Tuesday Morning Links

This and that for your Tuesday reading.

- David Ball offers a reminder that Canada's immigration system includes the needless detention of children - and that we should be working on ensuring families can stay together, rather than claiming any virtue in merely falling short of the scale being implemented by the Trump administration.

- Neil MacDonald writes that ruthlessness and dehumanization are exactly what Trump's voters wanted - and that they're sadly not at all out of line with the U.S. history. And Andre Picard discusses the long term health ramifications of the U.S.' policies of family separation and child incarceration. 

- Meanwhile, Sally Weale reports on a new survey showing the large number of children in the UK going without basic hygiene due to poverty.

- David Leonhardt charts the perpetually-increasing size and power of big business in the U.S. And Gordon Laxer argues that Canada shouldn't hesitate to say goodbye to NAFTA due to its similar effects at home.

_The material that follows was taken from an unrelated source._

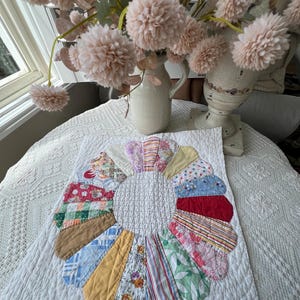 May include: A square white quilted fabric mat featuring a central circular white quilted section surrounded by a ring of sixteen multi-colored fabric petals in various patterns including stripes, floral prints, plaids, and solid colors.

- Finally, Mark Winfield points out that a typical right-wing prescription of less regulation and free money for the corporate sector will only exacerbate Ontario's problems:
Getting rid of cap-and-trade and reducing the provincial gas tax will not make the increasingly evident impacts of climate change go away.

If Ford attempts to make cuts to hydro rates without first addressing the underlying drivers of increasing electricity costs, Ontarians might see even higher costs in the future. Key among the underlying drivers of those cost increases are the life-extensions and refurbishments for the province’s aging nuclear power plants they Wynne government committed to.
...
A simple economic strategy focused on tax cuts and deregulation will be hopelessly inadequate to deal with the regional impacts of the transition from manufacturing to service and knowledge-based economic activities, to say nothing of the challenges presented by the Trump administration’s US actions in agriculture, steel and auto manufacturing.
...
(R)esponding to these various dynamics will require a more sophisticated economic strategy than tax cuts and further deregulation, that in a province that had already declared itself “open for business” under the Liberal government. Indeed, the approach outlined in the PC platform runs a very real risk of undermining the basis of the province’s economic success.

The losses in provincial revenues from tax cuts will undermine the quality of services and infrastructure the province is able to offer. Deregulation around the environment carries risks that would undermine the quality of life the province offers its residents, to say nothing of threats it would pose to their health and safety.